Why Rye Is The Nation's Spirit, And Why No One Can Get It
Rye whiskey is America's spirit, arguably even more than bourbon. When the British blocked American ports during the Revolution, preventing molasses shipments from getting in, the colonists forewent rum and instead made rye whiskey with local grain. (Take that, redcoats!) Revolutionary soldiers were given rye whiskey rations to get through the day. George Washington eventually created a wildly successful business distilling, selling and trading it. Bourbon came later.
"Truly, America was settled on the back of rye whiskey and our independence was won on the back of rye whiskey," says Dave Pickerell, a master distiller and spirits consultant for brands like Hillrock Estate Distillery, WhistlePig, and George Washington's Distillery & Gristmill at Mount Vernon.
Yet many Americans don't even know about it. I was first exposed to this dilemma last fall while leading a tasting of three American whiskeys at a popular Washington, D.C. restaurant: Elmer T. Lee, a soft, honeyed bourbon, Eagle Rare, a robust and oaky bourbon, and Sazerac Rye, a spicy and dry rye whiskey. Though the attendees varied from whiskey enthusiasts to novices, most said they liked the rye best. And many said they had never tasted it.
Rye whiskey has had a tough go of it, and Prohibition and two World Wars certainly didn't help. After World War Two, Rye also fell out of the favor of farmers and consumers alike, relegated to a cover crop and deemed a noxious weed by many states. Most rye distilleries were closed by the 1970s, says spirits expert Noah Rothbaum, author of The Business of Spirits and forthcoming Art of American Whiskey. Kentucky bourbon makers then bought many of the surviving rye brands. They could produce rye whiskey just one day a year to meet demand.
But the craft spirits movement has changed that in recent years, creating sophisticated drinkers who like rye's spicy and dry characteristics that balance sweet and fruity ingredients beautifully in cocktails, and also drinks well neat.
Sales of rye whiskey grew 34 percent in 2013 alone and 500 percent over the past five years, according to the Distilled Spirits Council of the United States, though it could not provide dollar amounts or production volume numbers. Pickerell estimated the number of rye cases sold in 2006 to be tiny- 150,000. In other words, it has gone from a miniscule category to a pretty small category when compared to bourbon, tequila, rum or vodka.

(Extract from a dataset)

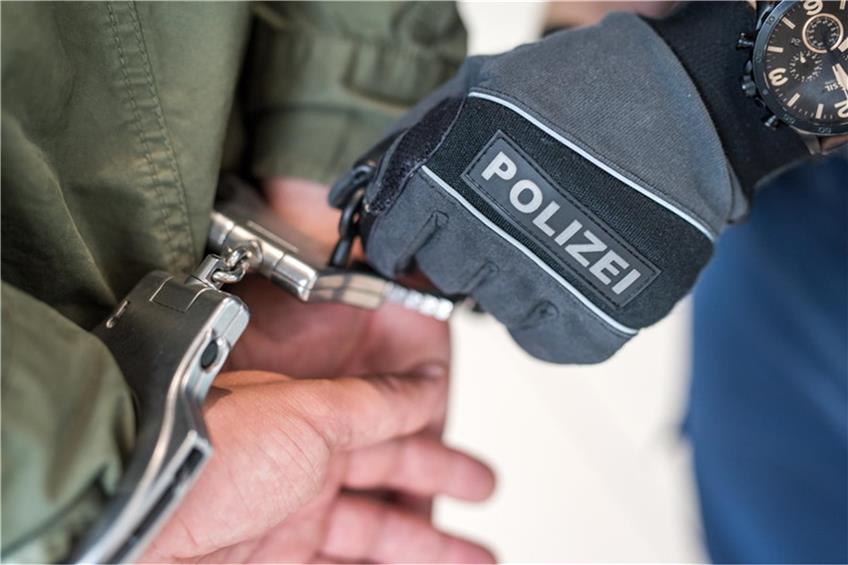 Der mutmaßliche Sexualtäter wurde am Wochenende festgenommen, als der sich auf dem Polizeirevier Balingen stellte. Symbolbild: Polizei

Pickerell describes the launch of the premium WhistlePig rye whiskey in 2010 as being a "combination of foresight and guts" because rye was so unheard of the business could have been a colossal failure. Though several craft distilleries have successfully brought rye whiskeys to market since then, distributors often move the allocation to where the product is hot, eliminating the possibility of attracting new fans in the middle of the country or outside of cosmopolitan cities.
Though decent ryes take anywhere from five to 10 years to age, there's also a shortage of grain that no one is talking about and that bourbon producers don't have to worry about as much; one that has distillers scrambling to compete for a crop that used to be worthless. "We [distillers] can be very collegial most of the year but when it's rye harvest, everyone is fighting tooth and nail for rye," Pickerell says, particularly in states that require distilleries to use a certain amount of grain grown in-state.
To try to ease the burden, some producers purchase rye from Canada, while others have started growing their own. Hillrock has even brought in a rye strain from Germany, which is plumper, more hardy and juicier than American ryes.
As a result, distilling whiskey can present a profitable line of a business to a farmer who is already growing or could easily grow rye or corn. Rye was formerly most fruitful and prevalent mid-Atlantic; now the best states for growing rye are colder places like New England, Minnesota, Montana, the Dakotas and the like.
Though the American Craft Spirits Association does not have official numbers, Pickerell estimates the number of distillers growing their own grains (whether or not they were farmers before they were distillers) to be less than 20. But we may see more distillers taking up farming in the future to meet their supply needs.
Like bourbon, rye must be aged in charred oak barrels for at least two years. But it does not have to be made in the United States to be called a rye whiskey like a bourbon does. Rye is made with at least 51% rye, while bourbon is made with at least 51% corn, which gives it the sweetness. Bourbons rarely are made with more than 70 percent corn, but often ryes often contain more than 70 percent of rye, with some of the best being 100 percent rye.
The future of the rye category is bright, especially if more people are able to get their hands on it long enough to fall in love. But executive director of the American Craft Spirits Association Pennfield Jensen predicts the limited supply issue will result in survival of the fittest for producers. "We're going to see many more ryes on the shelves and there's going to be a wash-out of ryes that will capture the market," he says.
So if you haven't tried rye or at least not many, now's the time to seek them out. Ask your local liquor store and bar for rye, and if they don't have it ask them to order it. Talk to your local distillers. Tell local farmers you'd like to see it around. It's just the patriotic thing to do.